The International Maritime Museum Hamburg is housed in the listed quayside warehouse B. The history of shipping from three millennia is shown on nine "decks" with valuable exhibits, ship models and paintings. The museum is run by the private non-profit Peter Tamm Sen. Foundation. It features the largest private maritime collection in the world, the Peter Tamm Collection.

The history of the International Maritime Museum Hamburg begins with the story of a young boy who grew up to be an enthusiastic collector of maritime objects. Peter Tamm (1928 - 2016) collected everything related to maritime history throughout his life. Even as a small child, his mother always brought him a present when he was ill and had to stay in bed - a miniature ship. And with that, his passion for collecting was awakened. Today, more than 1 million photographs, 100,000 books and 50,000 miniature ships and ship models as well as countless oil paintings, historical documents, nautical instruments, uniforms, maps, telescopes and other nautical collectibles make up the archive of the Peter Tamm Sen. Foundation.

The heart of the historical archive of the Peter Tamm Sen. Foundation and the focus of the digitisation is the extensive maritime library and the historical estates. Here, digitisation focuses on the preservation and publication of special bibliographical works and historically important convolutions. This is entirely in the spirit of the founder, Professor Peter Tamm: 

"It is my deep conviction that it is one of the tasks of every responsible citizen to preserve history, to learn from history, and to visualise historical processes in order to help shape the future". "I, Peter Tamm Sen., founded the "Peter Tamm Sen. Foundation" with the aim of inspiring future generations to seafaring and making them aware of its importance for the prosperity of the world's population. My intention is to help make history tangible in documents, to enable scientific research, to preserve art and culture as the historical conscience of a nation, and to learn from it, free from political currents and momentary demands of the zeitgeist."

With the digitisation of the holdings of the Peter Tamm Sen. Foundation, important monographs and contemporary historical documents from the 16th to 19th centuries are thus made available to science. These can be, for example, navigational methods and techniques of seafaring from the early modern period as well as early cartographies of the coasts and oceans. A special complete work are the earliest known copies of a total of eleven handwritten manuscripts of the "Nomenclator Navalis" - one of the important indexes for nautical terms from the 17th century. The unpublished manuscript was handwritten by Henry Manwayring in the early 17th century (D1/2/4-46538-19).

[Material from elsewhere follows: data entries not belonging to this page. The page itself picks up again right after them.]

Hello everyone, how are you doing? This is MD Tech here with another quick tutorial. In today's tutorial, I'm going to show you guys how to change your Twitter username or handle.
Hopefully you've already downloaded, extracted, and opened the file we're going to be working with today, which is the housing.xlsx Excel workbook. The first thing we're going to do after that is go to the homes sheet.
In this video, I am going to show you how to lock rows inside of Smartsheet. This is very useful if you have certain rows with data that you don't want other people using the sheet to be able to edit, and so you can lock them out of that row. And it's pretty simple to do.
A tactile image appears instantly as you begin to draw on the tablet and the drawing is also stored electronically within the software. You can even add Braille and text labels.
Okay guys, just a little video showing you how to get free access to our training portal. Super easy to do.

"An Abstract and Exposition of all things, pertayning to the Practick of Navigation", Henry Manwayring, ca. 1620 (Sign. 46538-19, S. 5) (CC BY-NC 4.0)

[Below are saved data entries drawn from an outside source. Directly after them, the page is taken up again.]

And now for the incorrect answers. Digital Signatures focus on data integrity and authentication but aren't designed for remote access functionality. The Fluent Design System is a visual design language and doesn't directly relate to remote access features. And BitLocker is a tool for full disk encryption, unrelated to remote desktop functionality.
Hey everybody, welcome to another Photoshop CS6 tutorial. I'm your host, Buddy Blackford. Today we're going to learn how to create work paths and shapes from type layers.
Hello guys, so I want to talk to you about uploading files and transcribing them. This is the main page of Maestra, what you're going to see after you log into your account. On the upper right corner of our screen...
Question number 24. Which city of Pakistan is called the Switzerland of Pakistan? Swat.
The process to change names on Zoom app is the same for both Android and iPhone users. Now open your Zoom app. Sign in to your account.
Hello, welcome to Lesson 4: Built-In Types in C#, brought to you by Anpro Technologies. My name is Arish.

In addition, regarding digitisation projects, biographies from the 17th and 18th Century to great explorers of the world and important personalities of maritime history, such as James Cook and Horatio Nelson have been digitised and made accessible to the public.

"A Narrative of the Voyages round the World Performed by Captain James Cook", Andrew Kippis, 1788 (Sign. 57867-43, S. 160)(CC BY-NC 4.0)

The Peter Tamm Sen. Foundation owns an extensive collection of over 500 document volumes, including manuscripts of historically important naval personalities from the 19th and 20th Century. Among them a personal diary of Prince Heinrich of Prussia (1862-1929) about his training voyages to become a naval officer on board the SMS "Niobe", "Renown" and "Prinz Adalbert" (1877-1880).

Personal diary of Prince Henry of Prussia, 1877-1880 (p. 1) (CC BY-NC 4.0)

The Peter Tamm Sen. Foundation has been involved in the DDB since the project funding for the digitisation of the IMMH's holdings. As part of the project funding, more than 60,000 objects with over 1 million digitised items will be digitised by the end of 2022 and made available to the public and the scientific community. The project is funded by the Federal Government Commissioner for Culture and the Media (BKM).